In this next section of the tutorial we will discuss a very important topic when it comes to microservice apps, circuit breakers.

circuit_breaker

One of the inherent problems when you have a distributed app like a microservice app is cascading failures across services.  Since the application is composed of several distributed services, there are more chances for failure when making remote calls.  In addition, distributed apps often tend to chain together service calls, so any problem with a service at the end of the chain can cause problems for all the services further up the chain.

As a service owner, we want to insulate ourselves from problems in our dependent services, so how do we do that?  One solution is to use the circuit breaker pattern which was introduced by Michael Nygard in his book Release It.

download

In the circuit breaker pattern, calls to remote services are protected by what is called a circuit breaker.  As long as there are no errors, the circuit stays closed and the remote calls are made as normal.  If the circuit detects a problem with the remote call than the circuit breaker is tripped and the circuit is opened stopping the remote call from being made.  Once the circuit detects that the remote call can successfully be made again the circuit will be closed allowing the remote call to be made.

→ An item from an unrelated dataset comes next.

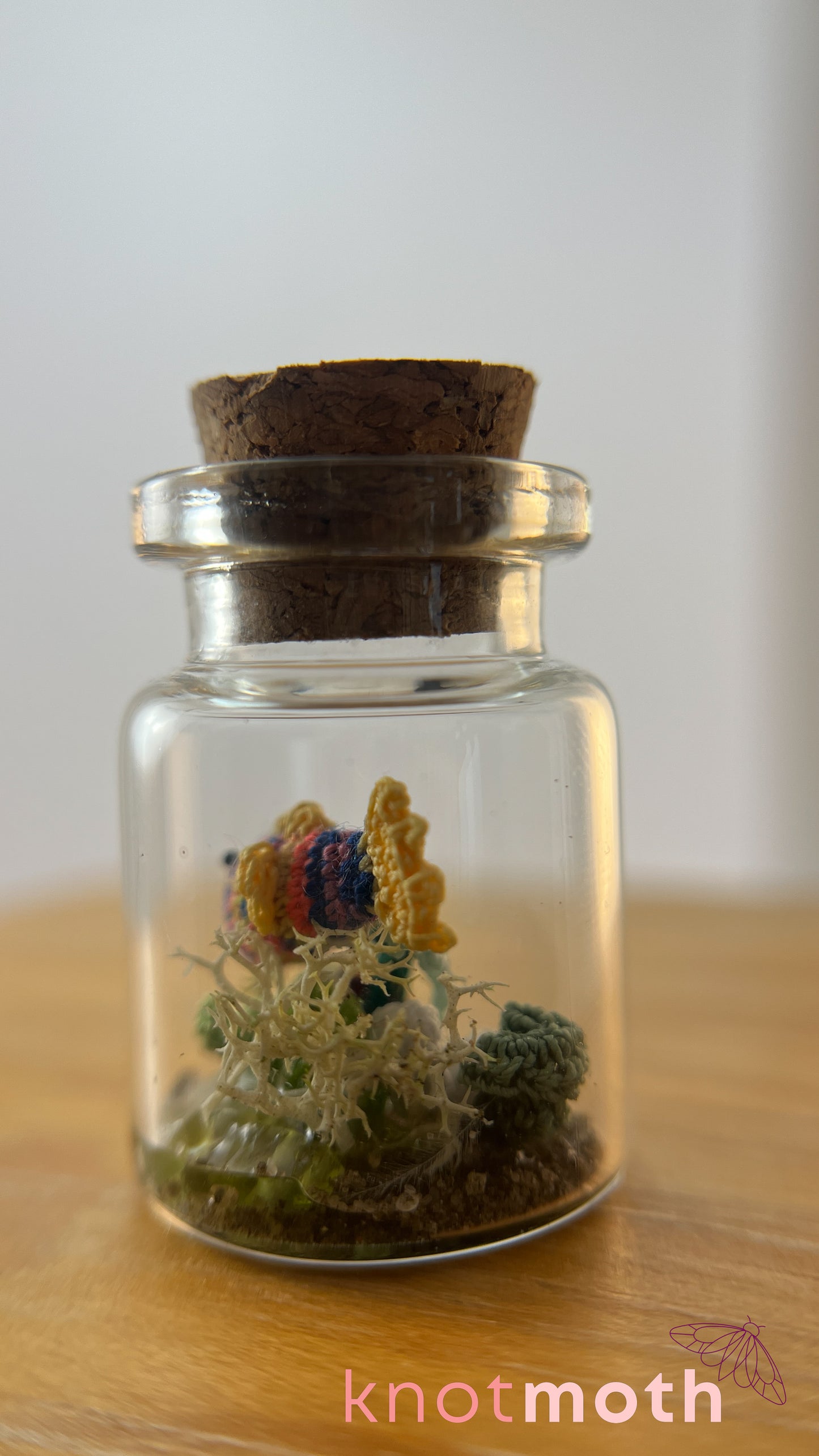 Rainbow Fish and Coral Aquarium Medium Micro Crochet Specimen Jar (Removable)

In the Netflix and Spring Cloud world, the tool for implementing circuit breakers is called Hystrix.  Lets look at how we protect the remote service calls in our app using Hystrix.

Adding Circuit Breakers To Our Code

There are 2 places in our app where one service is calling another service.  The first place that should come to mind is where we are using the Zuul proxy (from part 2 of this tutorial).  The Zuul proxy is used in our web app to proxy our JavaScript calls from our web app to the other microservices.  Luckily Spring Cloud automatically protects all these calls with circuit breakers for you so there is nothing we really have to do :)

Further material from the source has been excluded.